TASK BRIEF –
Copy the data verbatim and leave out every picture.

RECORDS FOR THE TASK –
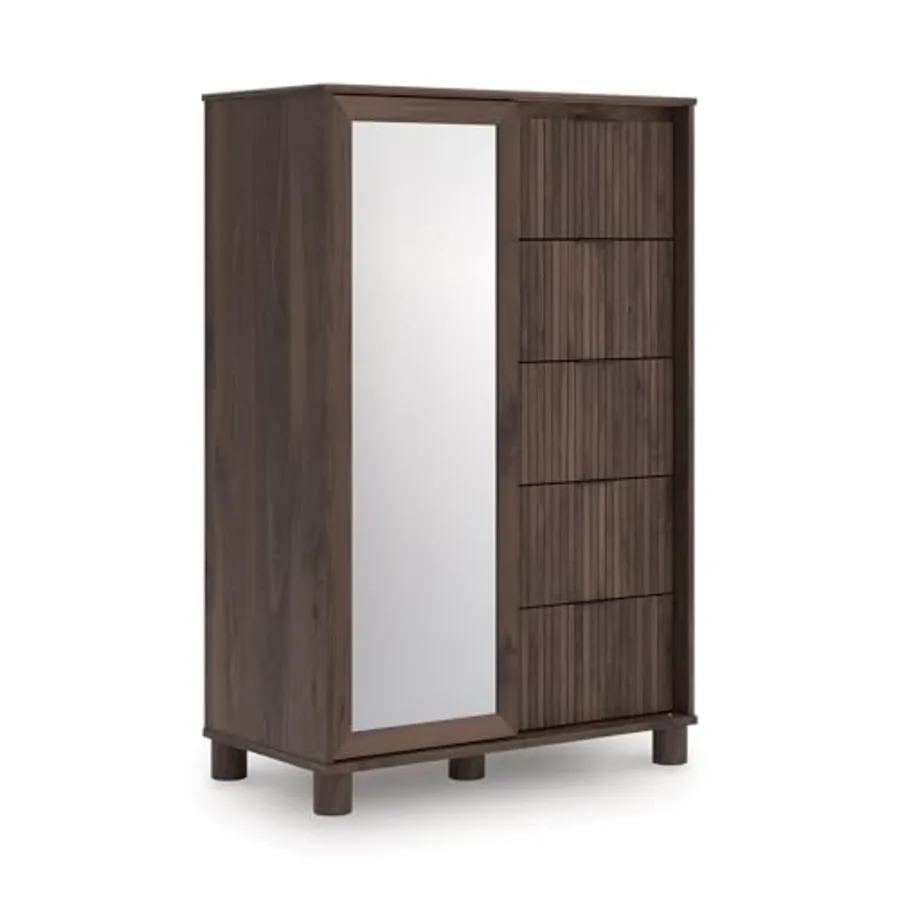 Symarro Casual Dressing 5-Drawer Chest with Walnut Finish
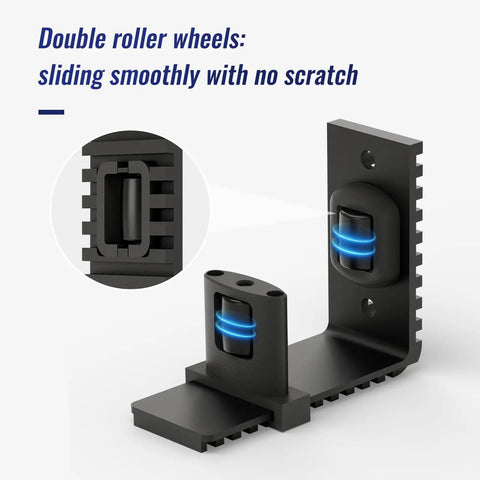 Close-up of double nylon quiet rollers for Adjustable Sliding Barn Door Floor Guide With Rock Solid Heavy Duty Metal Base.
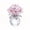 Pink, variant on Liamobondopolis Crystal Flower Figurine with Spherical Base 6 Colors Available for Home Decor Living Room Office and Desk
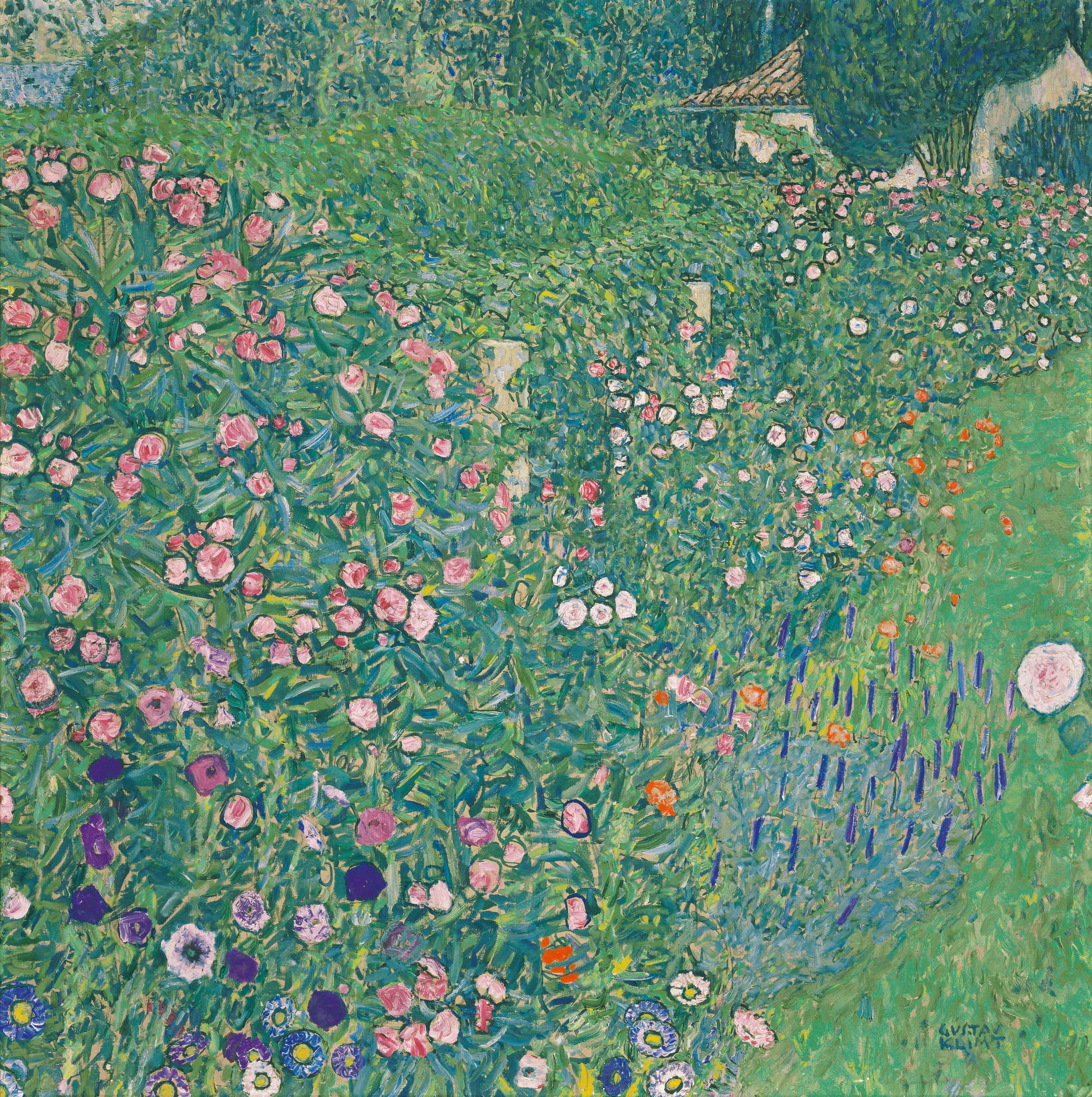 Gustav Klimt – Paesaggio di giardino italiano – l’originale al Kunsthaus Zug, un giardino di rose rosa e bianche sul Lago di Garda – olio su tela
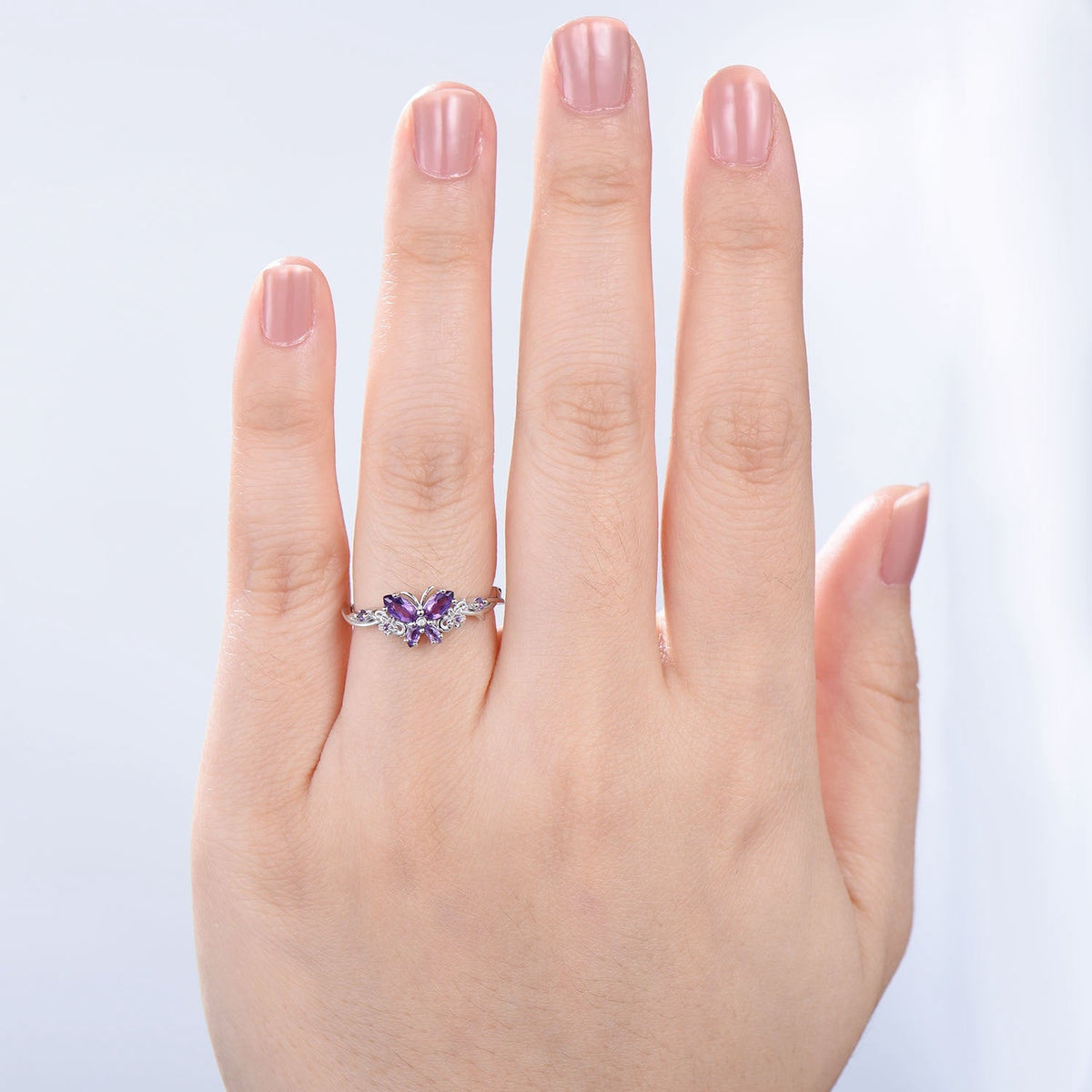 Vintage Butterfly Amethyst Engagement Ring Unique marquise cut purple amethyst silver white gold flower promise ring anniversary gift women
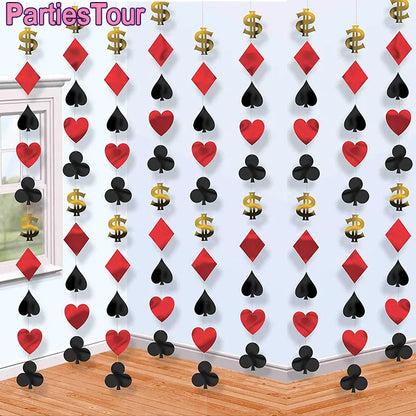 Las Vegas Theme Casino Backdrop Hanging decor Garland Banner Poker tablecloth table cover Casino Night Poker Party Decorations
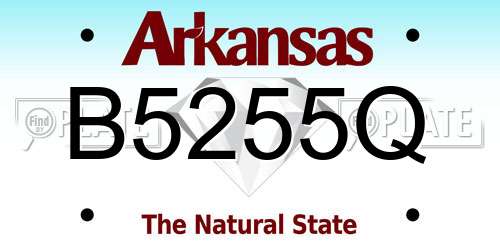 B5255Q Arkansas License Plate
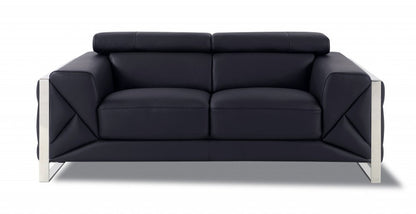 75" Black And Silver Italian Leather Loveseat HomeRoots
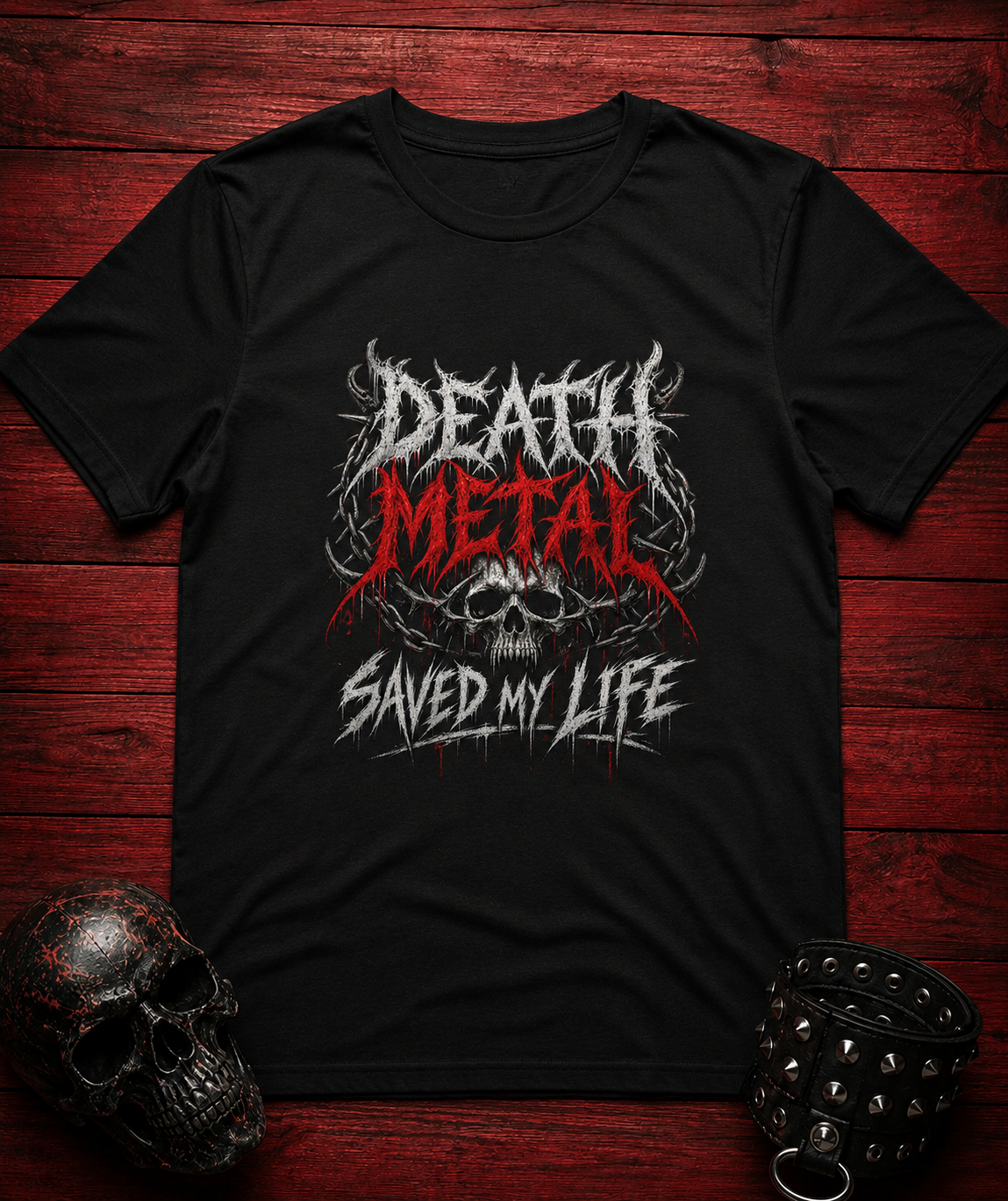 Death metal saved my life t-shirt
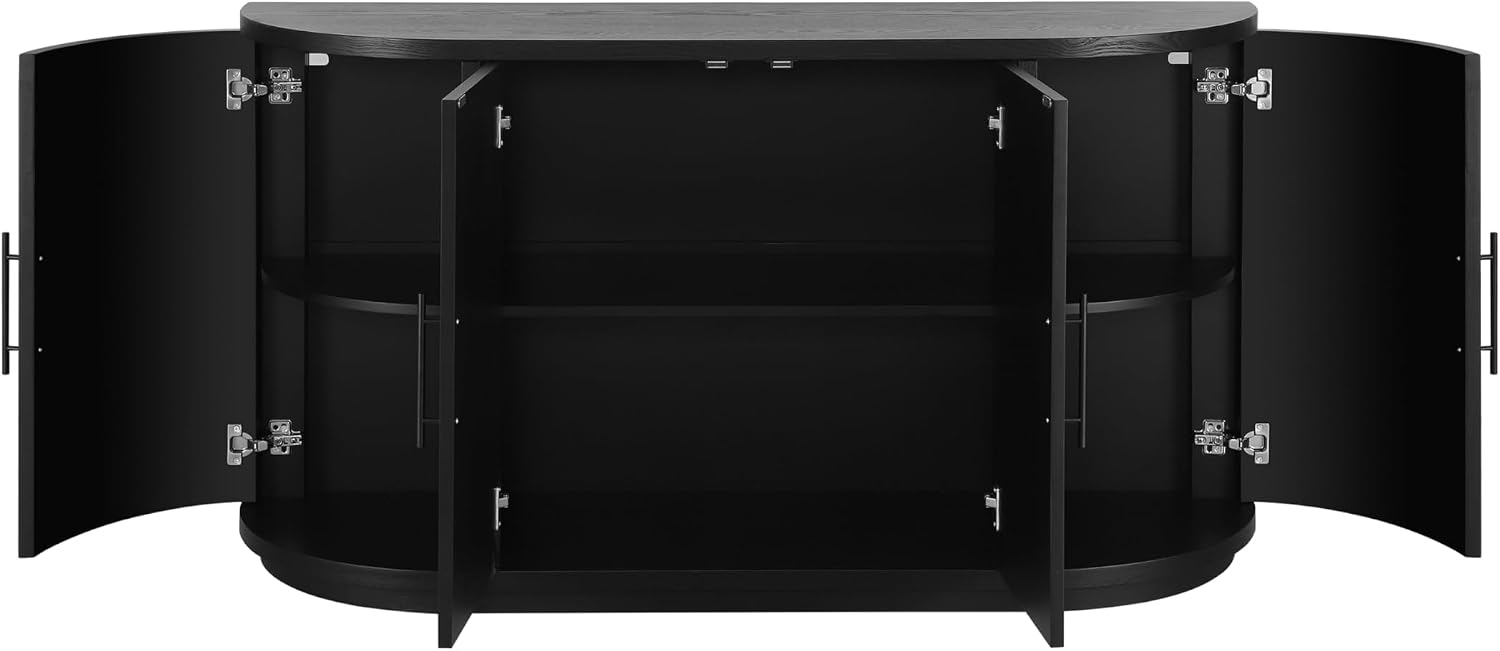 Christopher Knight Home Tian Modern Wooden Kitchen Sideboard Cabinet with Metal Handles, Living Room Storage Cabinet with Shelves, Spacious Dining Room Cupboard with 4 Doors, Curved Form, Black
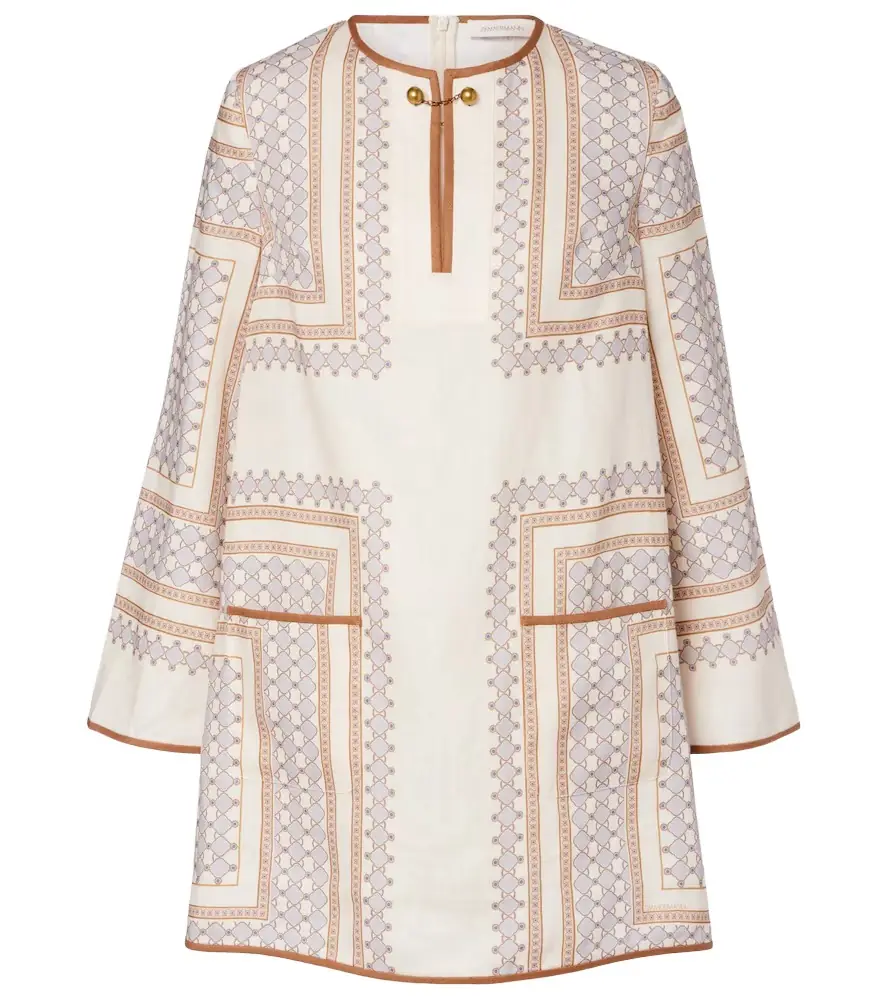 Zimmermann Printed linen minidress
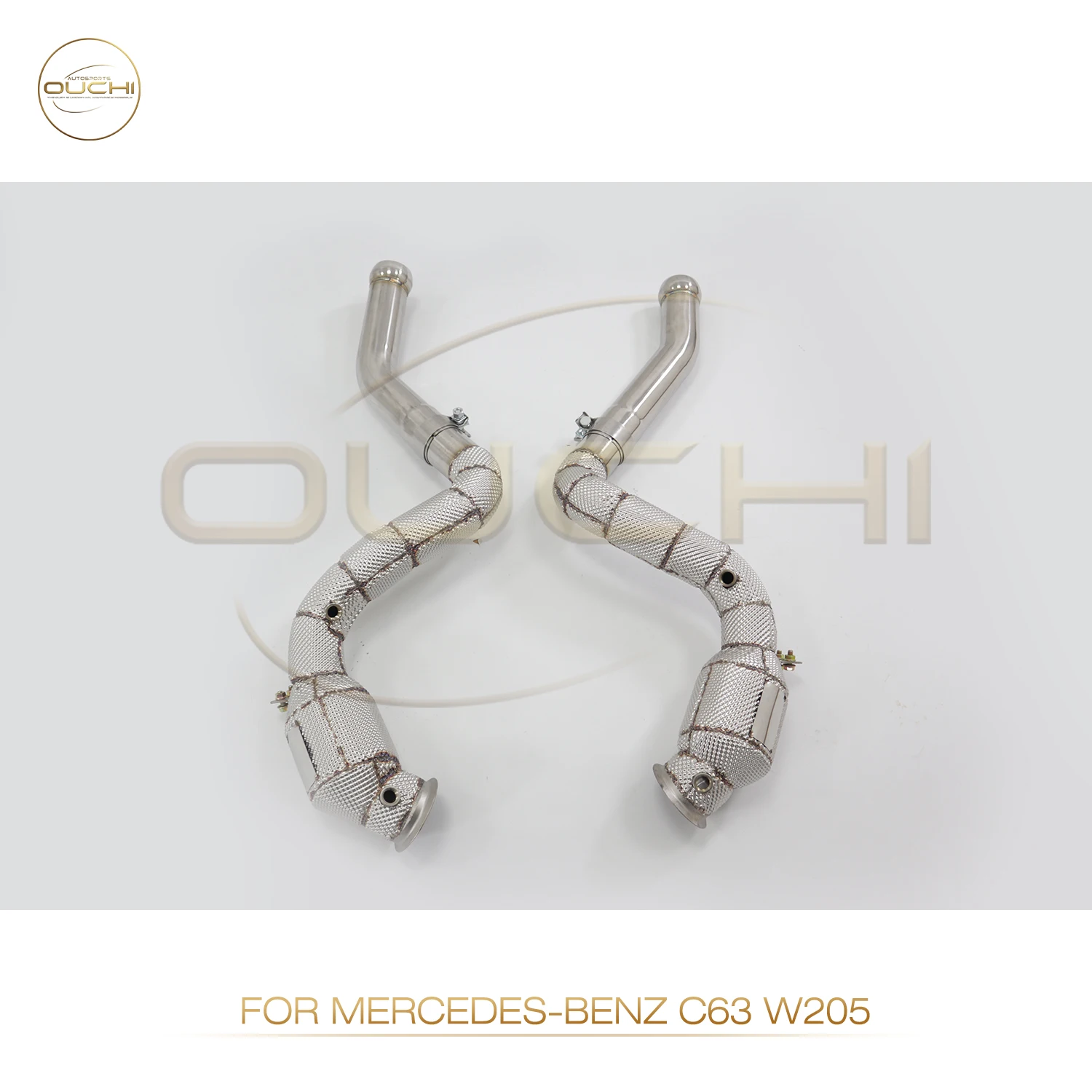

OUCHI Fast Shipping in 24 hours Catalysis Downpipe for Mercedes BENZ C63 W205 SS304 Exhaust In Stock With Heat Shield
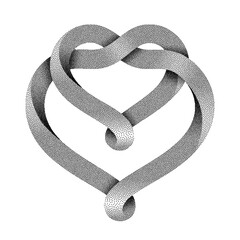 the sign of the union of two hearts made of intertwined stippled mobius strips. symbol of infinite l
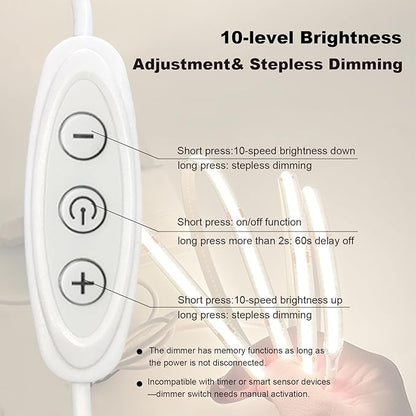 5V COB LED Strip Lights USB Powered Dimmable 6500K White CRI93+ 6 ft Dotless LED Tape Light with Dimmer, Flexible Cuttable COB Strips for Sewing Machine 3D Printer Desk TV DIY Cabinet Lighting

RESULT OF THE TASK –
 Symarro Casual Dressing 5-Drawer Chest with Walnut Finish
 Close-up of double nylon quiet rollers for Adjustable Sliding Barn Door Floor Guide With Rock Solid Heavy Duty Metal Base.
 Pink, variant on Liamobondopolis Crystal Flower Figurine with Spherical Base 6 Colors Available for Home Decor Living Room Office and Desk
 Gustav Klimt – Paesaggio di giardino italiano – l’originale al Kunsthaus Zug, un giardino di rose rosa e bianche sul Lago di Garda – olio su tela
 Vintage Butterfly Amethyst Engagement Ring Unique marquise cut purple amethyst silver white gold flower promise ring anniversary gift women
 Las Vegas Theme Casino Backdrop Hanging decor Garland Banner Poker tablecloth table cover Casino Night Poker Party Decorations
 B5255Q Arkansas License Plate
 75" Black And Silver Italian Leather Loveseat HomeRoots
 Death metal saved my life t-shirt
 Christopher Knight Home Tian Modern Wooden Kitchen Sideboard Cabinet with Metal Handles, Living Room Storage Cabinet with Shelves, Spacious Dining Room Cupboard with 4 Doors, Curved Form, Black
 Zimmermann Printed linen minidress

OUCHI Fast Shipping in 24 hours Catalysis Downpipe for Mercedes BENZ C63 W205 SS304 Exhaust In Stock With Heat Shield
 the sign of the union of two hearts made of intertwined stippled mobius strips. symbol of infinite l
 5V COB LED Strip Lights USB Powered Dimmable 6500K White CRI93+ 6 ft Dotless LED Tape Light with Dimmer, Flexible Cuttable COB Strips for Sewing Machine 3D Printer Desk TV DIY Cabinet Lighting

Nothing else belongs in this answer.